Record extracts.

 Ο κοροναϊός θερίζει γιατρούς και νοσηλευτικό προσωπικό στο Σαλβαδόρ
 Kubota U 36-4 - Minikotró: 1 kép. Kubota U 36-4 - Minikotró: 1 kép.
...
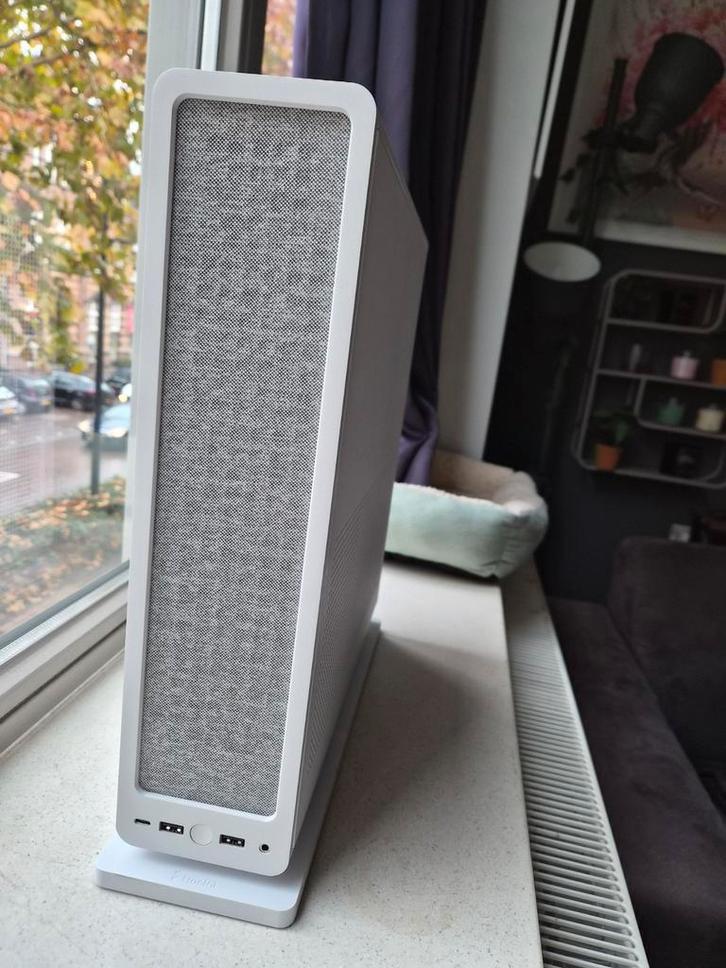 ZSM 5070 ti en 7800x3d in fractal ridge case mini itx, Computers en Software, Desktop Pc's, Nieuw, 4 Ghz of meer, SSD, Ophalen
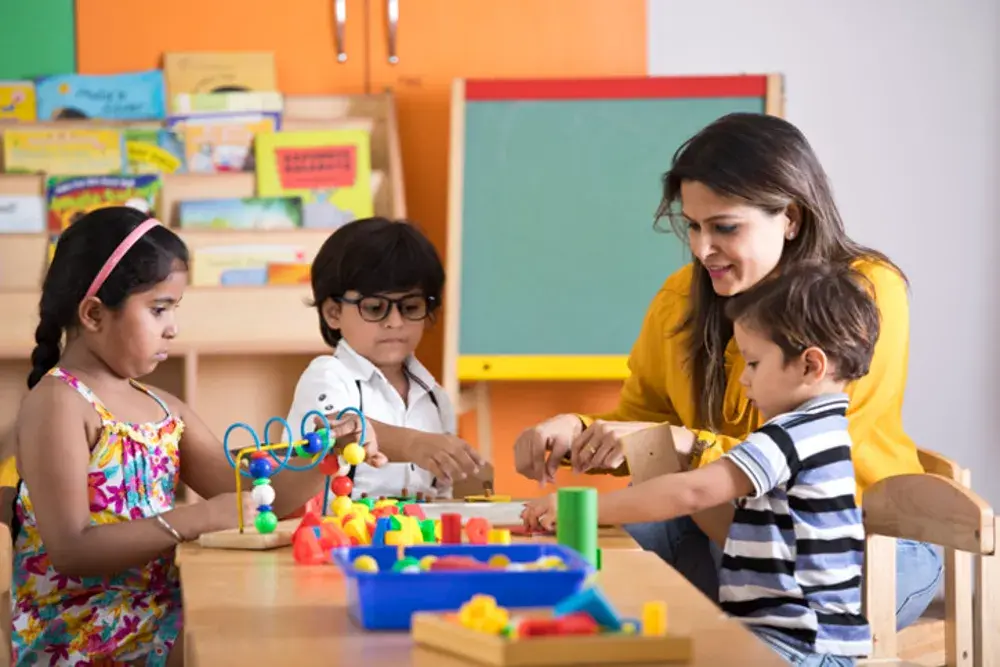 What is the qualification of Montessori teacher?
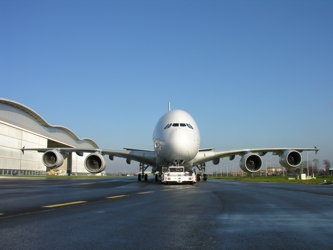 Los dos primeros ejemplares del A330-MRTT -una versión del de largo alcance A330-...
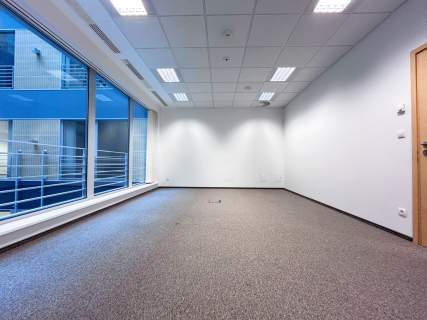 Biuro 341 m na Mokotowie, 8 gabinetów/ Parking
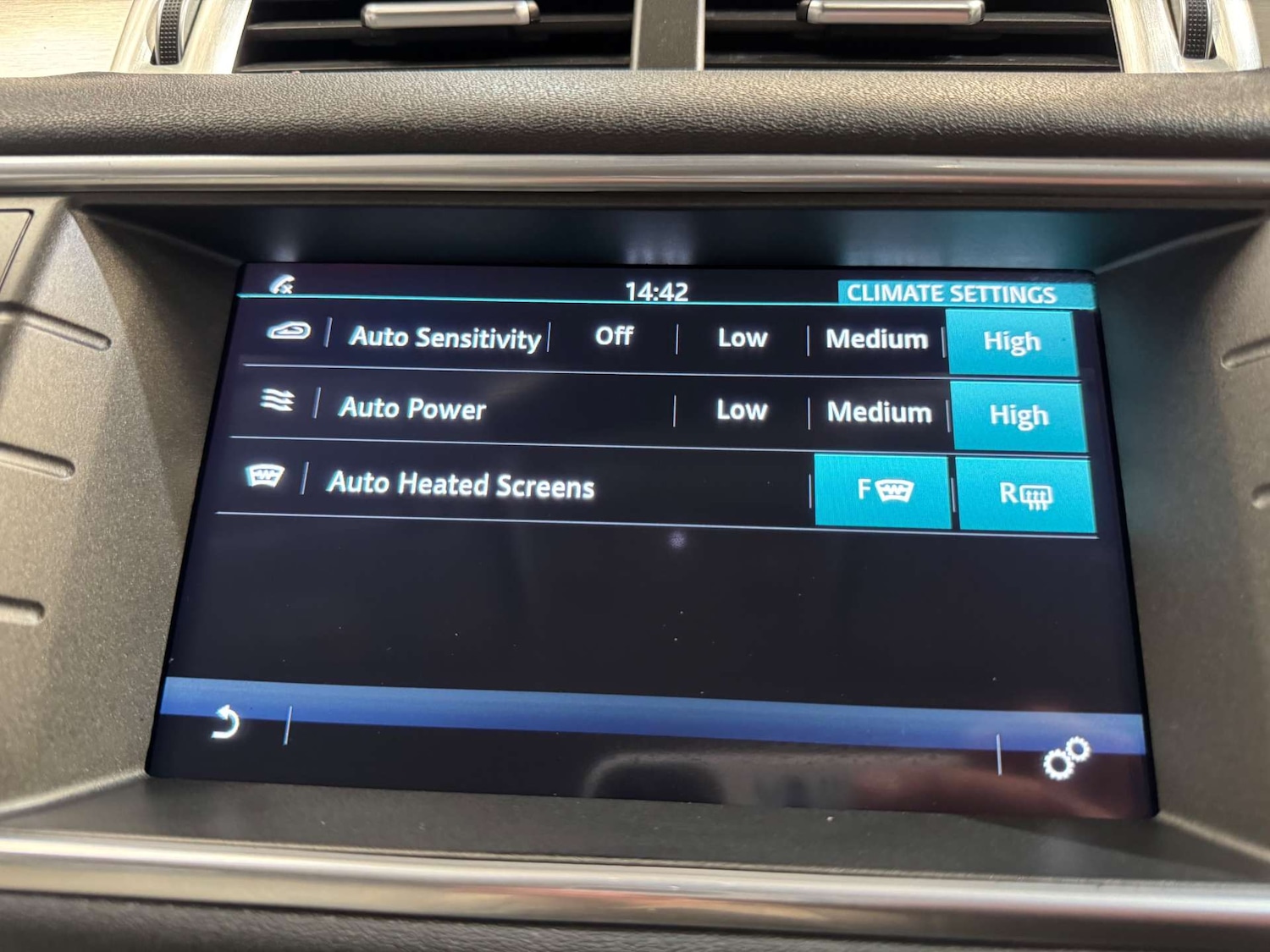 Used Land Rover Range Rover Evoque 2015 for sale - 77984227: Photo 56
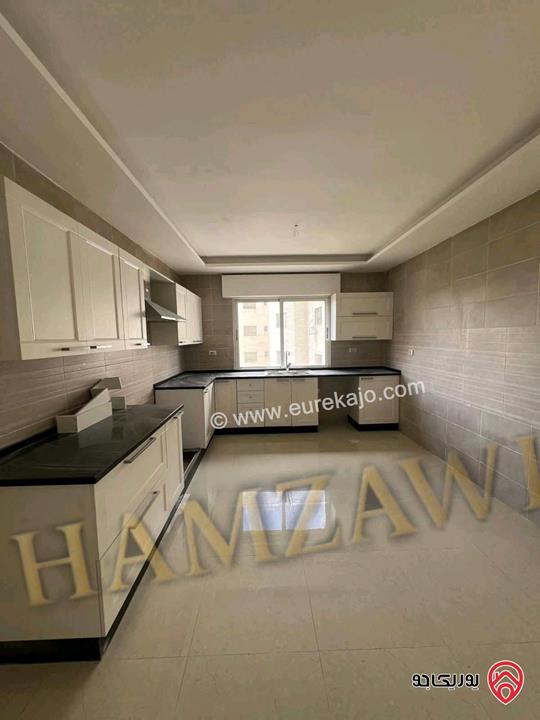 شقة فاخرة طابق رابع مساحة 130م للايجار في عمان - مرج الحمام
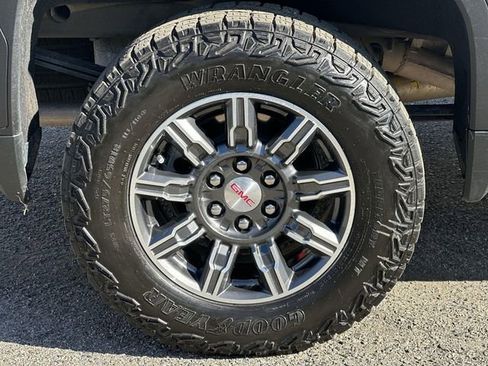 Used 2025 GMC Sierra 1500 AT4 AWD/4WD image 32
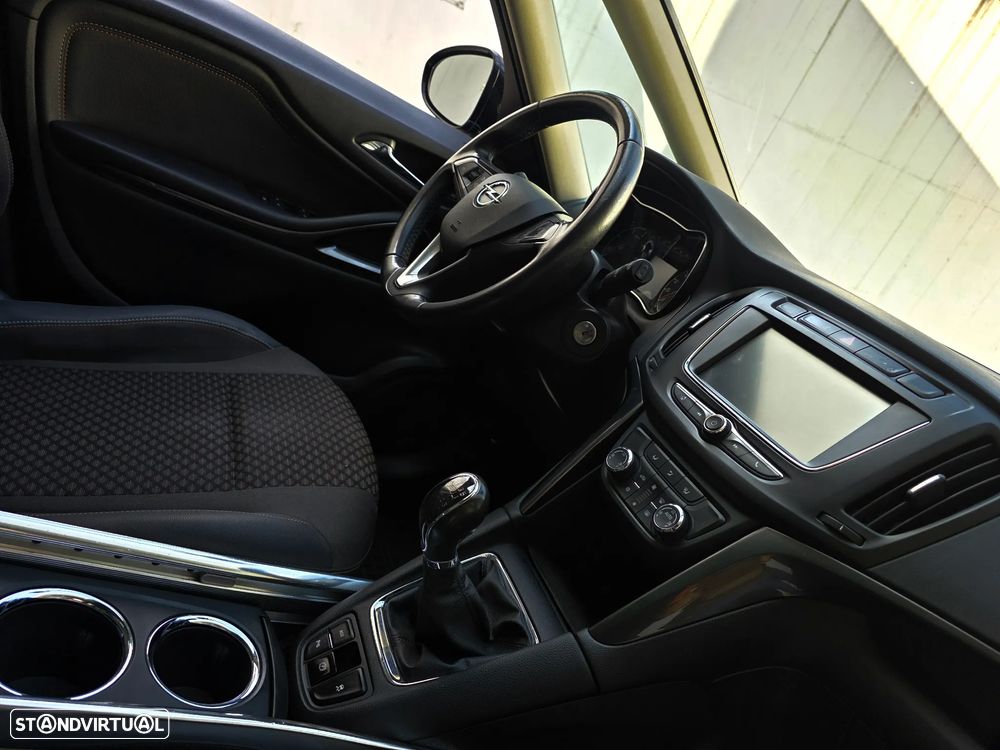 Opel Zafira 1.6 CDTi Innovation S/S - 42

Task brief. In the listing above, find the line with "شقة فاخرة طابق" and the line with "Opel Zafira 1.6 CDTi Innovation S/S - 42". Copy exactly those lines and all between them, minus the images.

Exercise result.
 شقة فاخرة طابق رابع مساحة 130م للايجار في عمان - مرج الحمام
 Used 2025 GMC Sierra 1500 AT4 AWD/4WD image 32
 Opel Zafira 1.6 CDTi Innovation S/S - 42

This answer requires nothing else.